Sinister Jack's

Sinister Jack's
It's that time of year here in my Blog of Geekdom.

Friday, May 29, 2009

Gaze Upon The Oddity That is... THE CULLITAR!



Ummmmm...... yep. I don't quite have the words for this either. This could be so many levels of wrongness that you couldn't even concieve. But, it could also be a grand homage to a new fandom that is growing and still taking shape

So here's how I understand it all came to be. A couple of blogs ago I posted about my sister, Dizzy Lizzy, being a pretty huge Twilight fan. I myself, am not swept up into all the hoopla surrounding this vampire romance novel and movie series aimed solely at gothy tweener girls. But, my sister's best friend, Holly, really takes fandom to whole new levels. Evidently she's pretty over the top when it comes to young vampire Edward Cullen. She also happens to be a huge player of the interactive video game Guitar Hero. She had a graphic designer friend of hers get creative and put together this brooding piece of pop culture magic.....or monstrosity. Whichever way you lean on the whole Twilight phenomenon. She has named it The Cullitar!

Apparently, this picture is making it's rounds amongst the Twilight legions on the Internet and message boards. Like this one here.
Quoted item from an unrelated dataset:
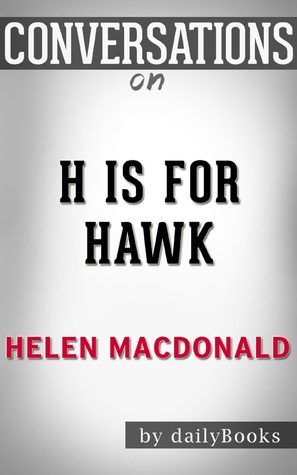 [25f32] !Download^ H Is for Hawk: A Novel by Helen Macdonald   Conversation Starters - Daily Books ^P.D.F~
Not long ago my sister had me view the movie based on the book, Twilight. And I was surprised at how it wasn't nearly as horrible as I thought it would be. After all, way back in the day when I first started gaming with my good GM, Mad Mario, it was Vampire: The Masquerade we played. That RPG seemed to have a very good grasp on vampire lore, taking a bit from Bram Stoker to Anne Rice. I'm not fully sure that if the game were to be completely revamped they would allow a lot of the sometimes silly Stephenie Meyer's version of vampire mythos into the pantheon of vampiric history, facts and traits (as god is my witness, vampires DO NOT simply twinkle when exposed to sunlight. They BURN THE FRACK UP like screaming beeotches!).

I had to see what all the hub-bub was about. I watched the film and found it ... simply ok. The performances were all pretty darn good. The story was typical romantic dren. Though, it was nothing to write home about (no all out vampire gore or real spooky atmosphere that a real good vampire flick/story should have) it wasn't a complete loss for me. After all, how would one complain if a vampire looking like Rachell Lefevre, Nikki Reed or Ashley Greene would latch on to you and suck the life outta ya? A good way to go out, huh? Ok, enough with the creepy old man syndrome.

I guess everybody has to find their fandom. I'm glad that my sister and her Guitar Hero playin', Edward Cullin lovin' friend, Holly, have found theirs.

Have a good weekend and enjoy a well deserved brew or two on me.

Zangz.

Oh, on a personal notation to Mrs. Meyer.... vampires don't produce bodily fliuds since they are undead. No boogers, no poop, no whizz, no spit, no vomit and.... none of the baby makin' stuff! So there's no way Edward would be able to impregnate Bella in the last of the books and upcoming movies. Read up on your vampire lore, would ya honey!